Breathtaking. Mind-boggling. I am reading about Alex Honnold’s free climb of El Capitan in Yosemite but my mind cannot gain a firm foothold on what Alex does and how he ticks. However, reading the story of his El Cap climb rekindled memories of my first experience dipping my toes into the dimensions of what he does. Welcome to a story set among the magnificent beauty and outdoor spirited, playful people of the Tirol, Austria. I first saw images of Innsbruck on television from the 1976 Winter Olympic Games. Thus, was planted the seed of passion.

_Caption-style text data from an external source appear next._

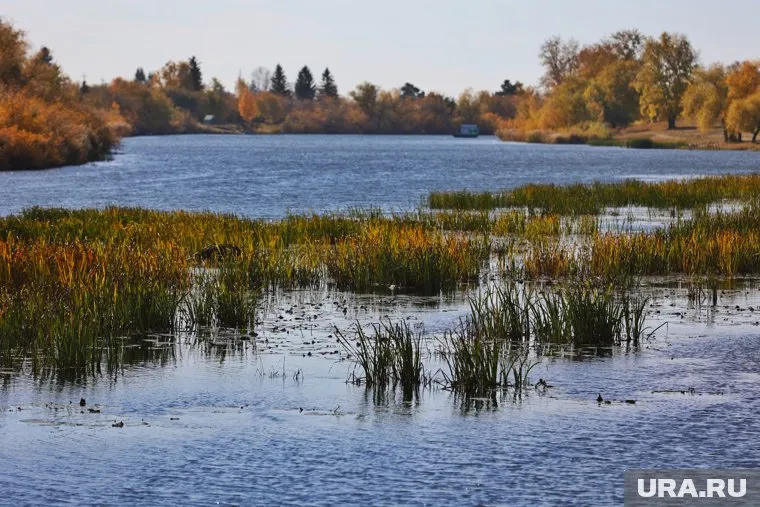 Власти Тобольского района уверяют местных, что хотят в подтопляемой зоне разводить скот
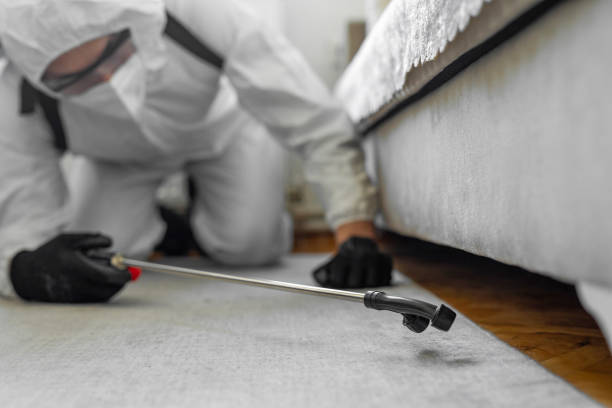 Professional Ant Control technician working in Mertzon, TX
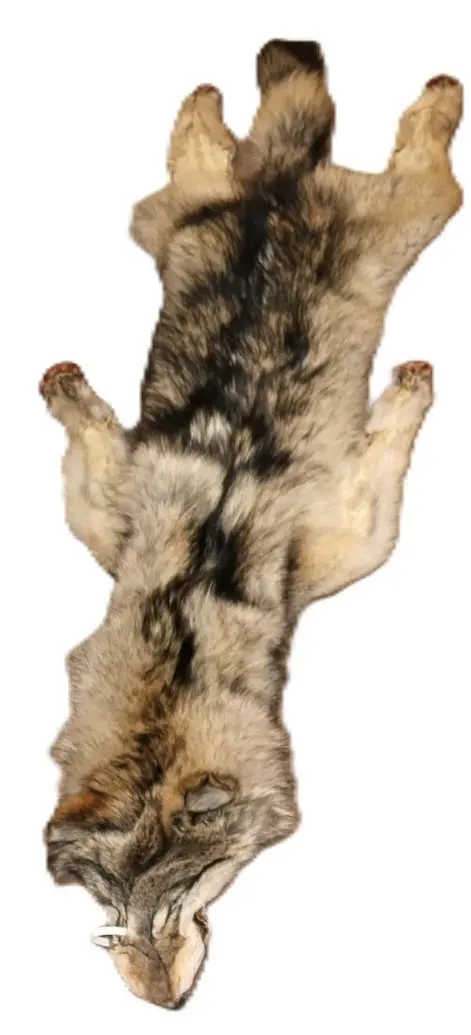 WOLF HAIR ON HIDE XL - Image 3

While spending part of each summer in Innsbruck from ’91 – ’98, including studying at the U. Innsbruck, I was fortunate to become buddies with some of my professors there. Through them, I was introduced to some joyful, young, local climbers. (As well as being introduced to far too much local schnapps!) I then got to do my best to keep from peeing my pants when these climbers took me along on a few “hikes”/ climbs. These are called “klettersteig” in Austria. It means they are not necessarily vertical climbs but are also horizontal along ledges (4 inches or 3 feet wide) with, in many places, metal cables drilled into the mountain side for you to clamp your climbing belt onto for safety. They took me to t beautiful, fantastic, scenic views amid wondrous areas. I am forever grateful that they tolerated me as the silly newbie. I was extremely keen. This must have helped. Or it provided them plenty of laughs.

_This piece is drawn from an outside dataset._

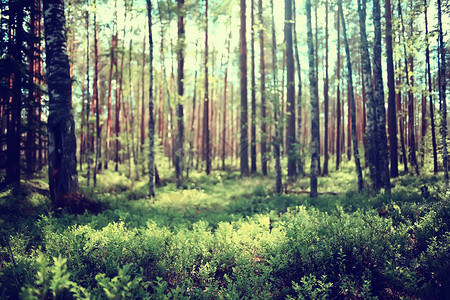 夏季森林绿树夏季景色的风景观图片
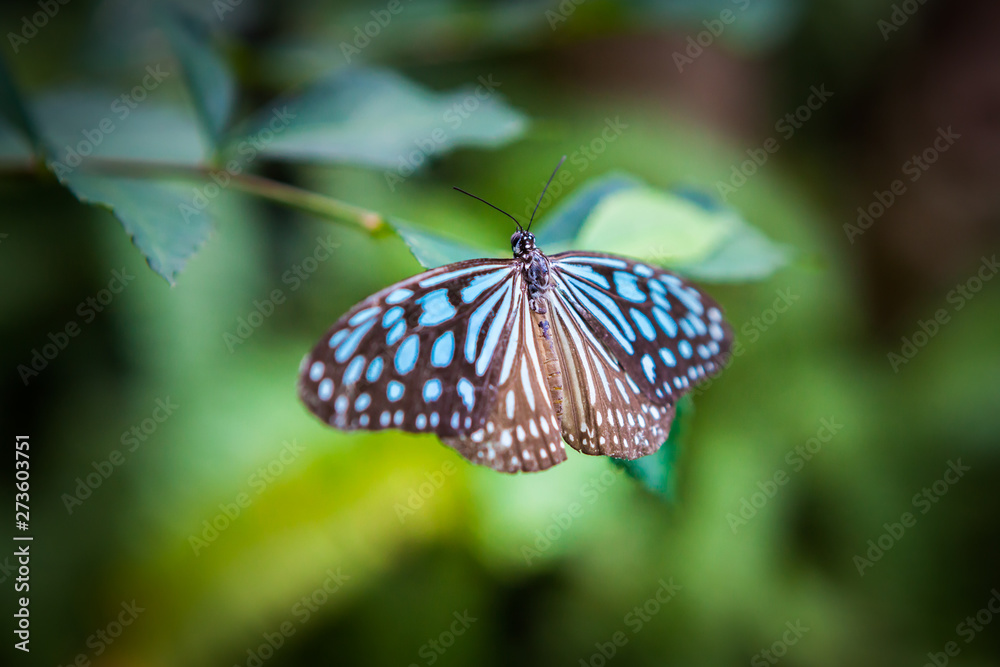 butterfly in the garden butterfly in the garden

trekkers at a peak in the Karwendel Range

We took cable cars up halfway and then had to do plenty of climbing and scrambling up and up along steep crags usually with wide footholds. We inched our way along the mini-ledges.

One day is particularly memorable…. We had climbed up and up there in the Karwendel Range above Innsbruck. We paused to enjoy great views down to the city 7,000 feet below. Then we went up and over a crag to the side away from the city to where nothing but deep valleys and mighty snowcapped mountains stood before us as far as one could see. At this point we proceeded along a narrow ledge. The drop down to the valley below was steep, not vertical but about 75 degrees. It was about 6,000 feet to the valley bottom. My stomach was sick. My brain screamed at me and I froze. But I had asked these dudes to take me along and they had grown to tolerate me from earlier slightly less exposed and frightening climbs so they said yes, come along. I forced myself to stare into the cliff face, not look down! I glanced only at the place to put my boot in the next moment as we slid along this ledge. We were roped in together. I was in the middle of 4 experienced climbers to whom this was a walk in the park. They had no fear of the exposure and height.

As jovial Tiroleans they were joking around as they proceeded but they were also speaking to each other in serious, technical terms. They were encouraging me and telling me that I was roped in with them and entirely safe. On numerous occasions, despite trying not to look down, of course I would look down by accident as I glanced down between my feet and then saw the vertical drop! My bowels wanted to empty. I wanted to not move ever again.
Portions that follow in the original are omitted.